§ WHAT YOU HAVE TO DO:
Each record below is to be copied word for word, with pictures removed.

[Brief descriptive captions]
◆ ◆ ◆ ◆ ◆
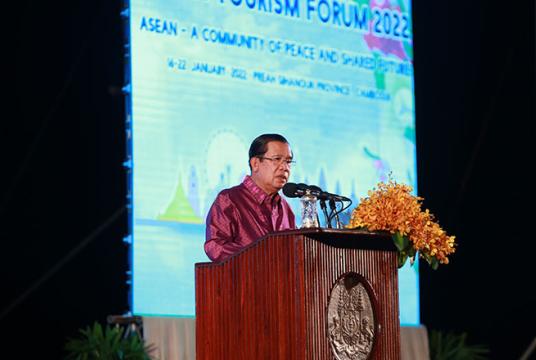 အာဆီယံခရီးသွားဖိုရမ် ၂၀၂၂ ဖွင့်ပွဲတွင် မိန့်ခွန်းပြောကြားနေသည့် ကမ္ဘောဒီးယားဝန်ကြီးချုပ်အား တွေ့ရစဉ် (Photo:Khmer Times)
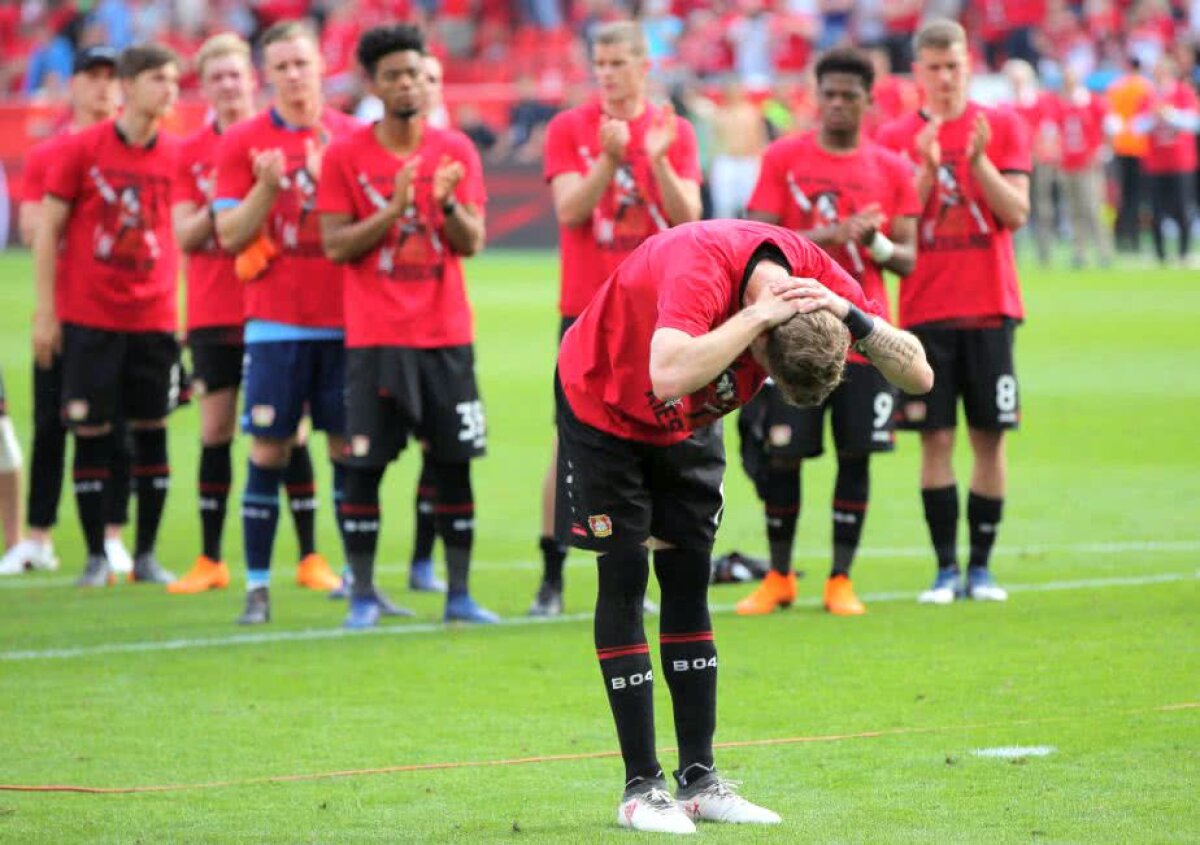 VIDEO + FOTO VAR a stricat retragerea unei legende a fotbalului german » Scenografia emoționantă de pe BayArena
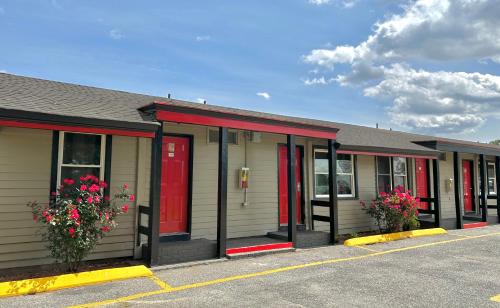 Whistling Pines Motel- Daily and Extended Stay in Elizabeth City (NC)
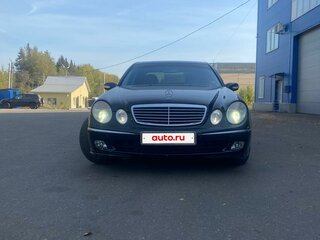 2004 Mercedes-Benz E-Класс 200 III (W211, S211), чёрный, 950000 рублей, вид 2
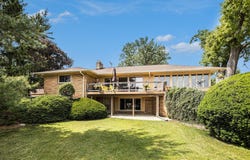 301 Lakeshore Drive, Battle Creek, MI 49015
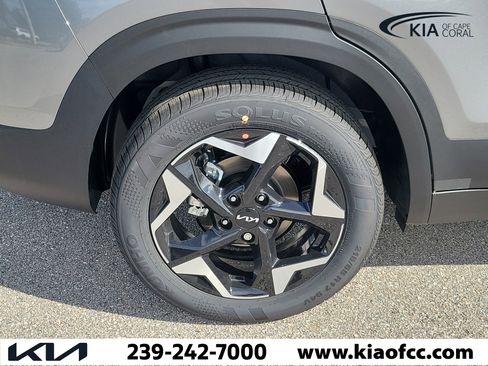 New 2026 Kia Seltos S FWD image 9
◆ ◆ ◆ ◆ ◆
§ ANSWER AREA:
 အာဆီယံခရီးသွားဖိုရမ် ၂၀၂၂ ဖွင့်ပွဲတွင် မိန့်ခွန်းပြောကြားနေသည့် ကမ္ဘောဒီးယားဝန်ကြီးချုပ်အား တွေ့ရစဉ် (Photo:Khmer Times)
 VIDEO + FOTO VAR a stricat retragerea unei legende a fotbalului german » Scenografia emoționantă de pe BayArena
 Whistling Pines Motel- Daily and Extended Stay in Elizabeth City (NC)
 2004 Mercedes-Benz E-Класс 200 III (W211, S211), чёрный, 950000 рублей, вид 2
 301 Lakeshore Drive, Battle Creek, MI 49015
 New 2026 Kia Seltos S FWD image 9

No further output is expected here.